Understanding the adoption curve isn’t entirely without value, however, because it can provide important foresight for when and how certain initiatives, whether strategic (for example, when and how customers are adopting technologies) or organizational (that is, when and how employees and partners are adopting them), will be necessary in response.

Adaptation

Adaptation describes the gap between how the majority of individuals want (and expect) to use technology to engage with companies and how companies have adapted to support those digital interactions.

Companies should pay most attention to the adaptation gap with respect to customer engagement and experience. If companies don’t enable effective digital interactions with their customers, then those customers will go to competitors or startups that will. Walmart Stores Inc., for example, acknowledges that its efforts for digital transformation are being pulled by customer expectations, not driven purely by executive initiatives.

As companies embrace digital channels for reaching customers, however, this effort can also exacerbate another facet of the adaptation gap — the space between employees and the companies for which they work. Employees are also customers of other companies, and they have experienced streamlined digital interfaces for interacting for business purposes. Data from our recent report on digital business suggests that employees have become increasingly frustrated by what they are capable of accomplishing with digital tools in their personal life compared with how they are forced to work with their own company through email and nonmobile computing. Software company Adobe Systems Inc. is attempting to address this disparity by uniting customer and employee experience under a single leader.

In many instances, the key problem facing most companies is the need to adapt fast enough to address customer demands for digital interactions, while simultaneously changing the organization itself to meet those demands and the demands tech advances stimulate in employees.

Adjustment

Adjustment refers to the gap between how many organizations use digital tools and the laws and regulations that societies agree on to govern that use. Laws and regulation almost always lag behind actual use, and this poses a different set of challenges for most companies.

The gap between organizational use and regulatory frameworks is likely exacerbated for international companies that face differences in legal governance. For example, global companies have to deal with multiple legal and regulatory frameworks; policies that may work in one country may not work in another. Regulatory frameworks also vary across industries. One manager in a regulated industry actually pointed to the regulation as a benefit for the company, as it provided clear guidance for what to do and not to do across all competitors in the industry. Some companies in regulated industries have reached out to the regulators proactively to describe the innovations they hoped to enact, seeking guidance for how these initiatives should be implemented.

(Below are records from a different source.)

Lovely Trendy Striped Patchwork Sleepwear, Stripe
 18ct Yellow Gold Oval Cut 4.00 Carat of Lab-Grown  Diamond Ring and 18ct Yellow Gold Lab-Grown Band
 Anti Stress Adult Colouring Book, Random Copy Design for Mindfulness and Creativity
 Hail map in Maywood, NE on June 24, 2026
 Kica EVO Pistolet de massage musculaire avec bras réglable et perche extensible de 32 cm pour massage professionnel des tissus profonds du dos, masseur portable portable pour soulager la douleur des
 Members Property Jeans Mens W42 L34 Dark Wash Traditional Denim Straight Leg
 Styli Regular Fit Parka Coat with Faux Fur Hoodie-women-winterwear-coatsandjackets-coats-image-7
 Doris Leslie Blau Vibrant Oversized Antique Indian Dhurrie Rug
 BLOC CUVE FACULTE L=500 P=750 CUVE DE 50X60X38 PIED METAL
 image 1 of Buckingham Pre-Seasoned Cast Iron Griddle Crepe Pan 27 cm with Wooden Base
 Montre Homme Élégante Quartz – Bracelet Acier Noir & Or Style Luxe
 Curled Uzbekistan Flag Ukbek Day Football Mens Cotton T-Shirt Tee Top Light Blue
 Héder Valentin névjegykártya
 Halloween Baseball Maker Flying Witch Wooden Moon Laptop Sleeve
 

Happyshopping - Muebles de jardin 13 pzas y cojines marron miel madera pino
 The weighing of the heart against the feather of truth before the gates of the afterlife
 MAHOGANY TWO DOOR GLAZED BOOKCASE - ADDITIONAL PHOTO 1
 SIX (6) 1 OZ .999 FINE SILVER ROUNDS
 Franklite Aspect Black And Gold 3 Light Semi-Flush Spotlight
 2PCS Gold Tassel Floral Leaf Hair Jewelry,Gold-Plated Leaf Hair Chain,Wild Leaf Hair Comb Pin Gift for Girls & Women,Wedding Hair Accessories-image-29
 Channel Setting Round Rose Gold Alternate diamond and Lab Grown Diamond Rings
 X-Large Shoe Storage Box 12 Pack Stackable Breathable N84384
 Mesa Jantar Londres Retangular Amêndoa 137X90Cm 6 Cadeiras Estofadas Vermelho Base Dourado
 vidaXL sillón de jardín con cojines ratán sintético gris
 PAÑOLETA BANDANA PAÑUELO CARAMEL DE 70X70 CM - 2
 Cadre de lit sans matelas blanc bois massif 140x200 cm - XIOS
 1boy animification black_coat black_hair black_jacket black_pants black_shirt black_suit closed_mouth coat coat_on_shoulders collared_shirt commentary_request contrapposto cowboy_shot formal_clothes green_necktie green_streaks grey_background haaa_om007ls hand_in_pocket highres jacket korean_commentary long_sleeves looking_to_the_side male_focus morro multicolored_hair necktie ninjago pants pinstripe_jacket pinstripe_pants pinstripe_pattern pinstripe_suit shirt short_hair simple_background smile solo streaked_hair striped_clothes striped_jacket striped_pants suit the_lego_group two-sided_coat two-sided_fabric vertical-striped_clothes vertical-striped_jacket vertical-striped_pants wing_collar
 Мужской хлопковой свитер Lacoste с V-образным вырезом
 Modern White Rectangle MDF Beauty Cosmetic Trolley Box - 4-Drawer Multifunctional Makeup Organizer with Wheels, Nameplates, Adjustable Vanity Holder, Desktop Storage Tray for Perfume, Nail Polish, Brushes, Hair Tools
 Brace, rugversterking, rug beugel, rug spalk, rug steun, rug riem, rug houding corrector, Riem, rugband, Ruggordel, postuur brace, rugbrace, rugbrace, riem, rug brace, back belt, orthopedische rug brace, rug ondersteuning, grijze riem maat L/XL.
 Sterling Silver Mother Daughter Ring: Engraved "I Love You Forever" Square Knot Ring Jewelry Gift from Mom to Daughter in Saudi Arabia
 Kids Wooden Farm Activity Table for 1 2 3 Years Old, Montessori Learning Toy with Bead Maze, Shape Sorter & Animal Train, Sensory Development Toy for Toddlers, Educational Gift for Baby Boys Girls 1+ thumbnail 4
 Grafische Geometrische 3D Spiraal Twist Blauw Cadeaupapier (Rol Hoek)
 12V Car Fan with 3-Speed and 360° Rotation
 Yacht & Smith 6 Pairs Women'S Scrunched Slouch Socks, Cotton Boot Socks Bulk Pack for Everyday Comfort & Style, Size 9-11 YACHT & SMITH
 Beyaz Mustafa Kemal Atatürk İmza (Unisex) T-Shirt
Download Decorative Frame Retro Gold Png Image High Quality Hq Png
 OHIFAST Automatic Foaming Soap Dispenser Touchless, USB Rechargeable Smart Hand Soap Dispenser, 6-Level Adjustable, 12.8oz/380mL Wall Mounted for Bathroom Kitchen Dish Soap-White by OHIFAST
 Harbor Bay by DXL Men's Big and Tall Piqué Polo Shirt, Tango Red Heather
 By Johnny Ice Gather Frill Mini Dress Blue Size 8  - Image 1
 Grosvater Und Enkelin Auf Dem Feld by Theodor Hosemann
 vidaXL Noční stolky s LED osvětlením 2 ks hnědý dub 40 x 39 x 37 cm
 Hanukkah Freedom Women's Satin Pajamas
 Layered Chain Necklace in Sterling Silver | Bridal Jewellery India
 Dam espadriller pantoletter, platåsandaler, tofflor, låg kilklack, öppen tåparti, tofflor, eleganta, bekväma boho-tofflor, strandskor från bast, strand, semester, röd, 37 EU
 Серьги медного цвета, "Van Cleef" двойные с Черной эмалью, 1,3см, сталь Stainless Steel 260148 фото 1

For most companies, waiting for the legal policymakers to catch up to practice is not an option. Organizations must adjust fast enough to accommodate customer demand while abiding by legal and regulatory agencies, an effort that will require frequent strategic planning and top-down communication. Indeed, perhaps the biggest challenges facing such rising digital stars such as Uber Technologies Inc. and Airbnb Inc. are the regulatory frameworks that are seeking to structure their behavior.

The Problem Isn’t Technology — It’s People

The rapid pace of technological innovation is not the key problem posed by digital disruption. The real challenge is the uneven rates of assimilation of these technologies into different levels of human organization. As such, companies will effectively navigate the challenges posed by digital disruption by undertaking initiatives that are far more organizational and managerial than technical.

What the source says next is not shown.